The reasoning is flawed. The same pressures which increase
downloading will increase purchase. This doesn't begin to
isolate or disprove the effect that downloading has on sales.

You're just not looking deeply enough. The study was conducted based on
individual album sales, rather than combined numbers, and actually showed
that albums which were released in previous years' sales went up directly
proportionally to the amount of times they were downloaded. For a specific
case, albums that sold more than 600k copies were shown to not only *not*
drop as downloading increased, but go *up* by approximately one sale per 150
downloads.


Which could also mean 149 sales lost.

It was only the least popular music that seemed to suffer because
of downloading, which I would assume is because people tried it and didn't
like it enough to buy it.


A good enough point, which is a quality issue, not a moral or legal
one, but...

It is not precisely the same pressures that cause increases in both
behaviors, although there is significant overlap. P2P software acts as an
aggregator, allowing people to find music according to genre and other
grouping methods, which actually causes it's own pressure on cd sales.
People are using P2P software to shop for the music they will buy next.

ryanm


And hopefully iTunes, etc. will be the cure, and forever banish the
lame excuses that people come up with to steal music.

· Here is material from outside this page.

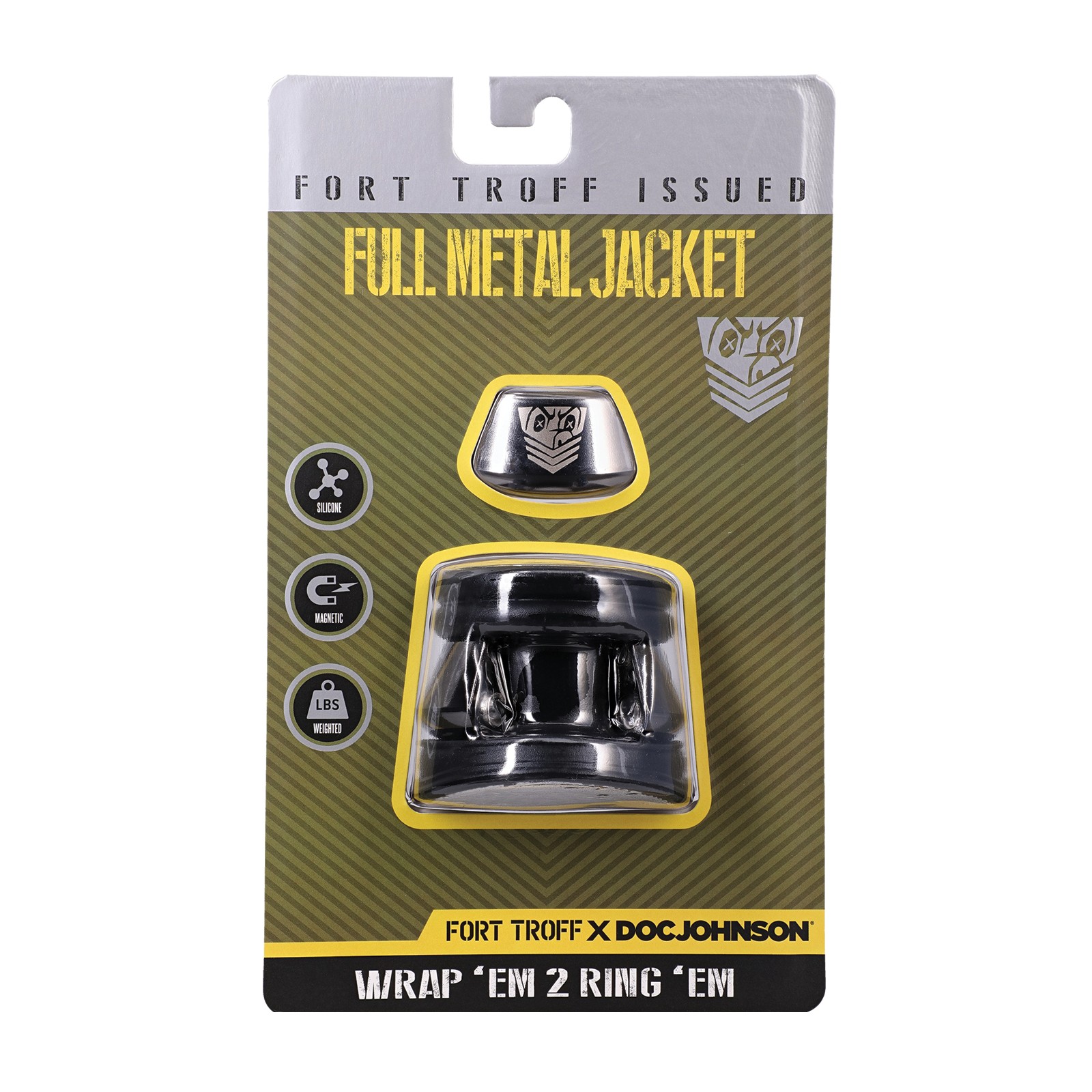 Fort Troff Full Metal Jacket Magno Ring Stretcher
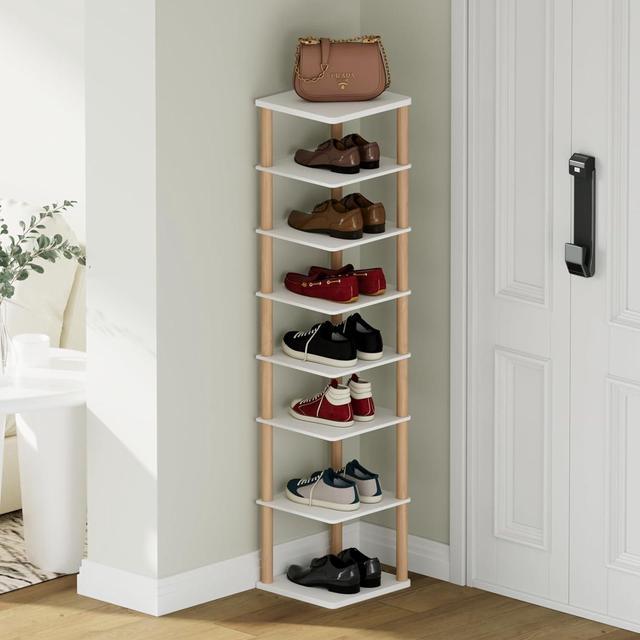 Small narrow shoe discount rack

If you, or
anyone, take music by downloading it, and use it by listening to it,
without the copyright owner's permission you are STEALING IT
REGARDLESS OF WHETEHER YOU INTENDED TO BUY IT. THEFT IS THEFT AND ONLY
THE ARTIST AND/OR COPYRIGHT HOLDER SHOULD BE ABLE TO DECIDE IF THEIR
WORK CAN BE DOWNLOADED. How many artists decide what 'data' you will
release about yourself? How would you feel if an artist uploaded very
important files about you for the whole world to d/l?

Forgive me if you've answered this before, but do you, Ryan M, record
or create music with the intention of profiting or at least breaking
even? Do you offer any music or music service for sale? Or are you
just an onlooker of this group? I've seen a few of your posts, but
only in regard to d/l'ing.

If you are a music professional (or even money-making amateur), or
have any other music industry experience, I will be more inclined to
weigh your arguments as to how d/l'ing can help the industry.

More importantly, do you have any friends in bands? Isn't an unsigned,
on-their-own band the *most* likely to suffer the greatest from music
theft? Most likely from their 'friends' or 'fans'? Every penny counts,
at that stage of an act's development. Or should only the wealthy be
able to afford the equipment and resources needed to succeed? I've
said this befo The ONLY way to assure that an artist doesn't make
any $ on a song is to promote d/l'ing it for free against their will.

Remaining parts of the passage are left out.